Corals spawning gives scientists hope for ‘vulnerable ecosystem’

The spawning, which was seen from recorded videos off the coast of Cairns, Queensland, "gives the scientists who observed it hope for the vulnerable ecosystem."

Image Credit: Mikaela Nordborg

Scientists bare witness to coral spawning in the Great Barrier Reef calling it good news for the reef after years of coral bleaching. This form of coral reproduction happens once every year when corals send tiny balls containing sperm and eggs into the water.

The spawning, which was seen from recorded videos, happened Tuesday night off the coast of Cairns, Queensland and “gives the scientists who observed it hope for the vulnerable ecosystem,” EcoWatch reported.

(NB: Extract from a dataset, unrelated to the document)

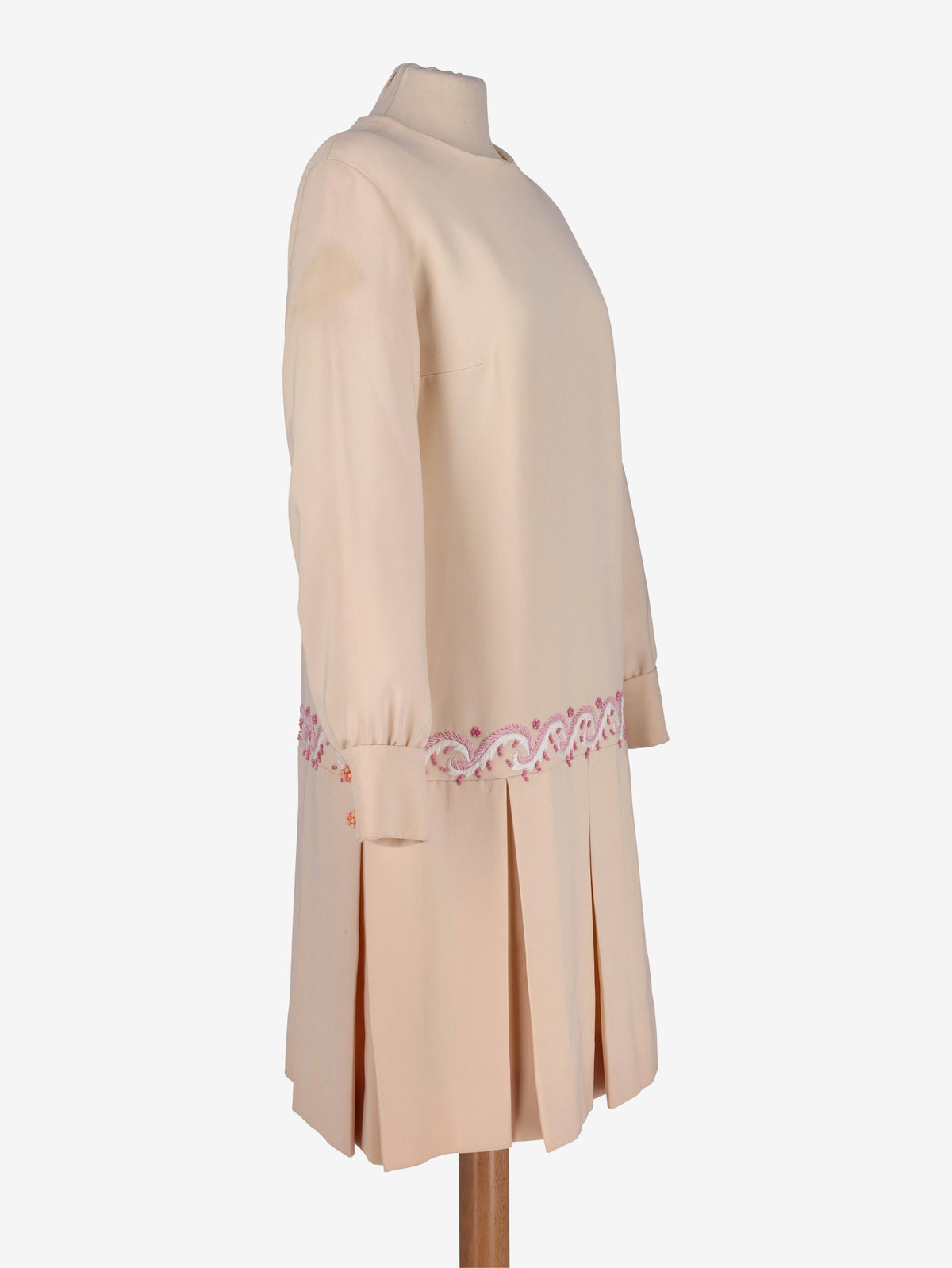 Vintage 1960s/1970s Cream Embroidered Dress Z101223  Vintage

“Nothing makes people happier than new life, and coral spawning is the world’s biggest proof of that,” Gareth Phillips, principal marine scientist at Reef Teach, said. “I’ve seen the corals all go off at once, but this time there seemed to be different species spawning in waves, one after the other. The conditions were magical with the water like glass and beautiful light coming from the moon.”

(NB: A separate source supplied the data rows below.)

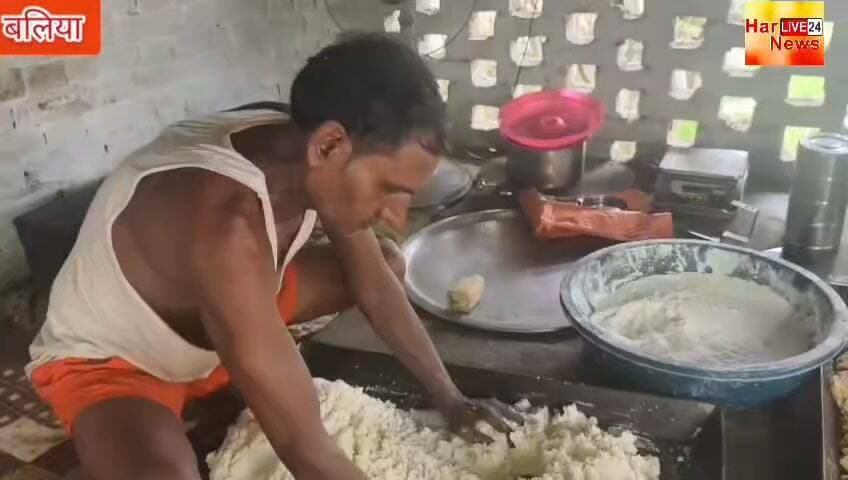 बलिया में इनकी मिठाइयाँ विदेश तक जाती हैं।*
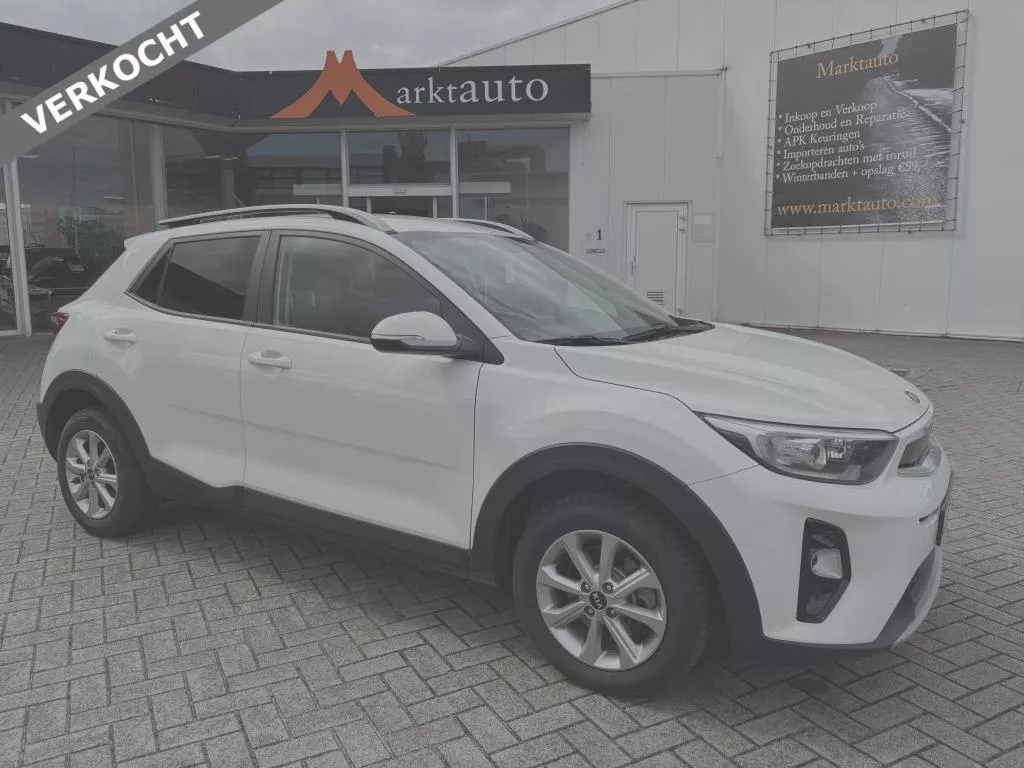 Kia Stonic 1.2 Carplay Navi Bluetooth Camera Climate Parkeersensoren VERKOCHT
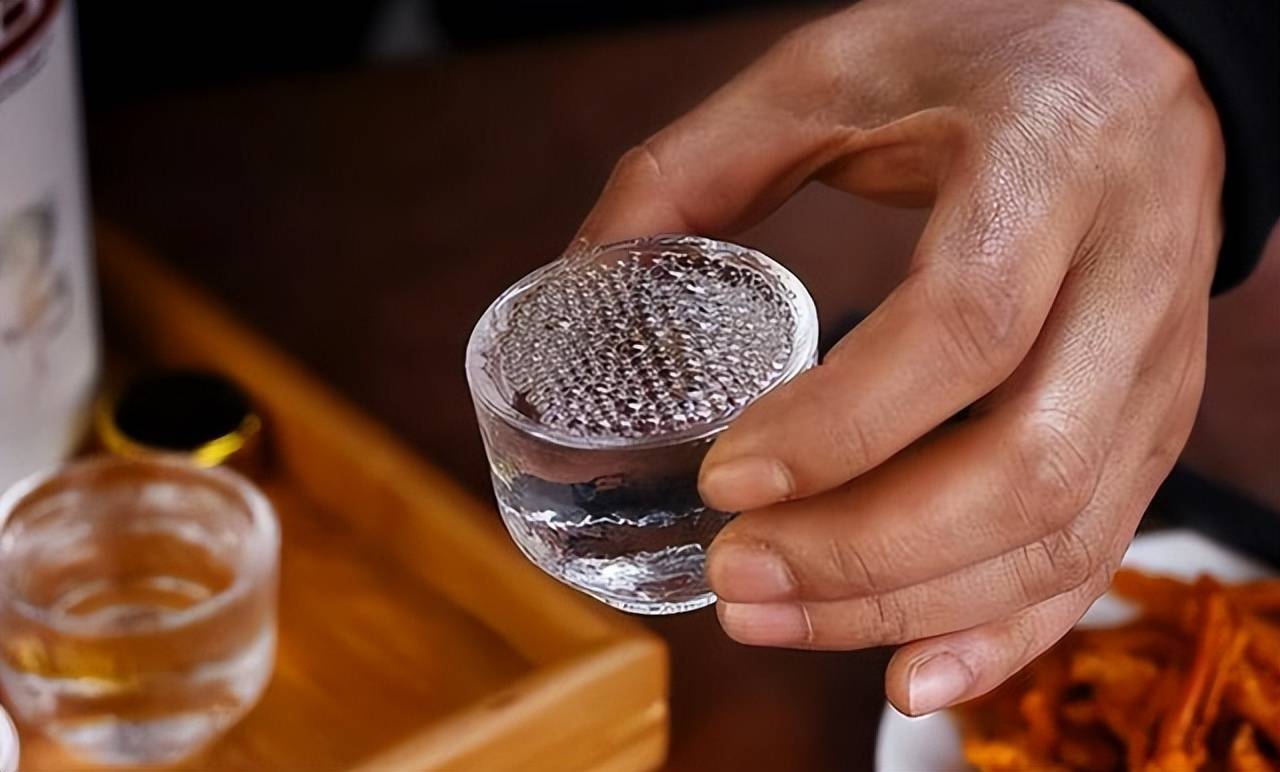 陕西人喝酒很怪,不喝茅台五粮液,这些"廉价酒"却备受追捧_酿酒_口粮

During spawning, the balls containing egg and sperm break open and the sperm and egg unite creating coral babies. Aside from spawning taking place once a year, corals regularly reproduce asexually.

The Great Barrier Reef has suffered five mass bleaching events since 1998, leaving on 2 percent of the reef unscathed, according to a recent study. Coral bleaching occurs as ocean temperatures rise causing “the coral expel the algae that give them both nutrients and color,” EcoWatch reported. But the recent spawning en masse is “a strong demonstration that its ecological functions are intact and working,” Phillips said.

“The reef has gone through its own troubles like we all have, but it can still respond, and that gives us hope,” Phillips said. “I think we must all focus on the victories as we emerge from the pandemic.”